Desde 1958, ano do conclave que elegeu o Papa João XXIII, os EUA mantêm canais diretos com a Santa Sé, procurando moldar alianças políticas através do Vaticano. Um dos documentos citados mostra que a embaixada americana em Roma aconselhou Washington a estabelecer uma “estratégia positiva de influência” junto do novo Papa, considerando o Vaticano um ator-chave na luta ideológica contra o comunismo. Essa relação estreitou-se ainda mais com o pontificado de João Paulo II, conhecido aliado dos EUA durante a Guerra Fria.
Contudo, segundo Chade, essa aliança não se esgotou no passado. Os documentos revelam que a interferência americana é mais profunda, duradoura e estratégica do que se imaginava, envolvendo influências indiretas, apoio a determinadas linhas ideológicas e articulações que ultrapassam os corredores religiosos.
Durante o pontificado de Francisco, as tensões intensificaram-se. A ala conservadora da Igreja, especialmente nos EUA, acusou o Papa de heresia, contestando abertamente posições progressistas sobre divórcio, sexualidade e justiça social. Entre 2015 e 2017, figuras como o cardeal Raymond Burke lideraram movimentos que denunciaram o Papa Francisco como um “desorientador da fé”, revelando uma crise interna de grande magnitude.
Estas movimentações prepararam o terreno para o conclave que agora se avizinha. Ao contrário do que muitos pensam, a escolha do Papa não começa no momento da votação. “As articulações políticas estão em curso há semanas”, revela Chade.
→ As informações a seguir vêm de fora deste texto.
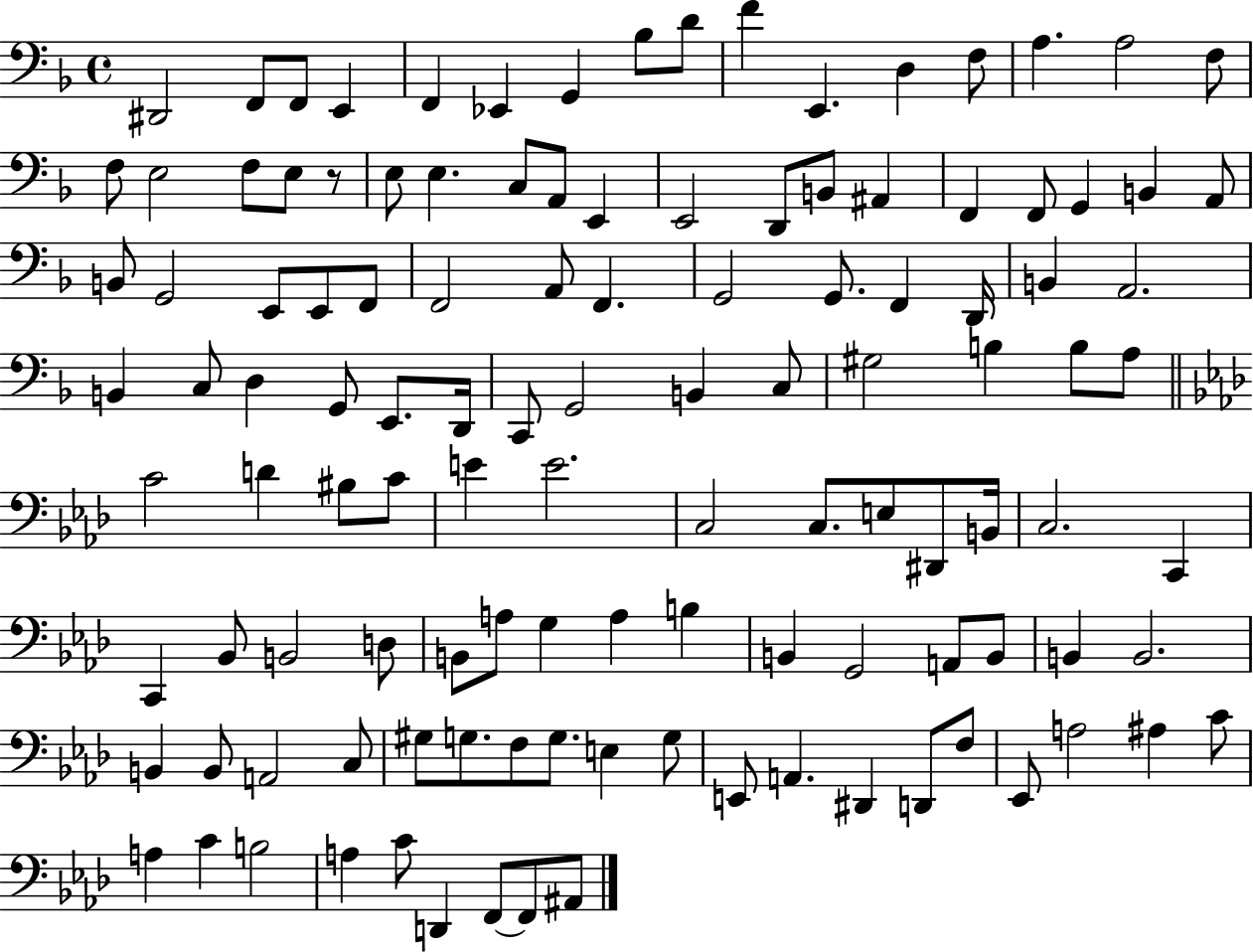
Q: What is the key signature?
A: F major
Reuniões estratégicas entre cardeais, almoços discretos e trocas de mensagens compõem o verdadeiro palco onde as alianças são costuradas.
Num cenário global marcado pela ascensão de extremismos, o catolicismo norte-americano ultra conservador, próximo do ideário de Donald Trump, surge como força influente. Cardeais americanos, políticos católicos ligados à Casa Branca e até orações em coletivas de imprensa mostram o grau de penetração desta corrente no discurso institucional.
Chade alerta para o risco de candidatos de países em desenvolvimento serem instrumentalizados como “fachadas progressistas” que, na prática, obedecem a interesses conservadores norte-americanos. “Escolher um africano ou latino-americano não garante uma agenda progressista”, adverte.
A eleição do novo Papa poderá determinar o rumo da Igreja Católica num mundo em transformação. Para os progressistas, Francisco simbolizou uma abertura à inclusão, à justiça social e ao diálogo. Para os conservadores, significou perda de poder e privilégio. A escolha que se aproxima não é apenas teológica: é profundamente política.
O conclave de 2025 poderá ser o mais decisivo desde a viragem do século. E, como mostram os documentos agora revelados, a Capela Sistina poderá continuar a ser o palco não só de fé, mas também de geoestratégia.